Expatriate Owl

A politically-incorrect perspective that does not necessarily tow the party line, on various matters including but not limited to taxation, academia, government and religion.

Tuesday, December 27, 2005

Long prison term

Darcell Prince's 50-year prison sentence for murder has been upheld on appeal. Prince, along with codefendant Leo Foster, brutally robbed and murdered one Huey Rich, a Chicago man who was attempting to advance his career as a hairdresser. The crime was aggravated not only by its brutality, but by the fact that Prince had impersonated a police officer while doing it. Given the well known marshmallow jellyfish stance taken by Illinois towards invoking the death penalty on miscreants (though not all Illinois prosecutors have cottoned up to it), a 50-year sentence is about the best society can hope for. But even then, there remains the possibility that Hillary Clinton or some other politician of her ilk might pardon him and set him free.

What makes the Darcell Prince case so remarkable is that the victim, Huey Rich, is the son of Congressman Bobby L. Rush. To the Congressman, I extend my sincerest sympathies on his loss. And I would hope that any other murder under similar aggravating circumstances would draw commensurate punishment from the Illinois courts, regardless of whether the victim had any political connections. I do not believe that Congressman Rush deserves what he is going through.

I say that fully cognizant of the Congressman's role, in his younger days, as an activist of the Black Panther Party, an organization not noted for its nonviolent activities. The Congressman proudly boasts of his Black Panther achievements on his official Congressional website. And his late son Huey was named after Huey Newton, another Black Panther not noted for his nonviolent ways.

I don't particularly castigate Congressman Rush for the extremes he took in his youthful activism. I have no problem accepting that he truly believed in the righteousness of what he did, and that his intentions were basically good. Hey, back in those days there really was unfair discrimination against African-Americans.

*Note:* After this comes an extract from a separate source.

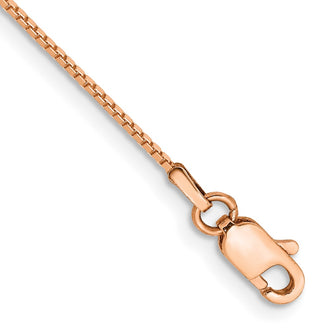 Shop Stylish 14K Rose Gold 10-Inch .9mm Box Link Anklet - Luxury Design!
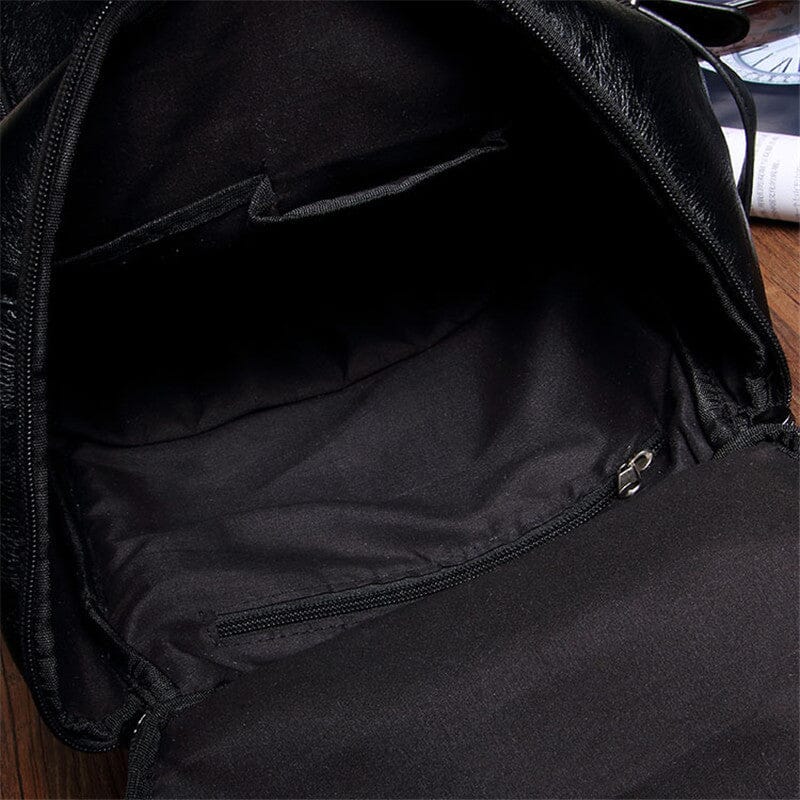 Sac à Dos de Voyage Vintage Noir - Road Trip Collection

But what would happen if political activism with equally noble motivations were undertaken on the opposite side of the political spectrum? Many Ku Klux Klanners were just as sincere and idealistic in their Klan activism as Bobby Rush was with his leftist activism. And many sincere and idealistic Jewish boys and girls, witnessing violence against the Jewish community, joined the Jewish Defense League. [For the record, I declined several invitations to join the JDL, notwithstanding the personal self-defense measures I found necessary to implement against individuals who gave me trouble.] Would one of these individuals, if elected to Congress, boast of their former JDL activism on his or her Congressional webpage the same way Bobby Rush boasts of his Black Panther activism? I smell a double standard here!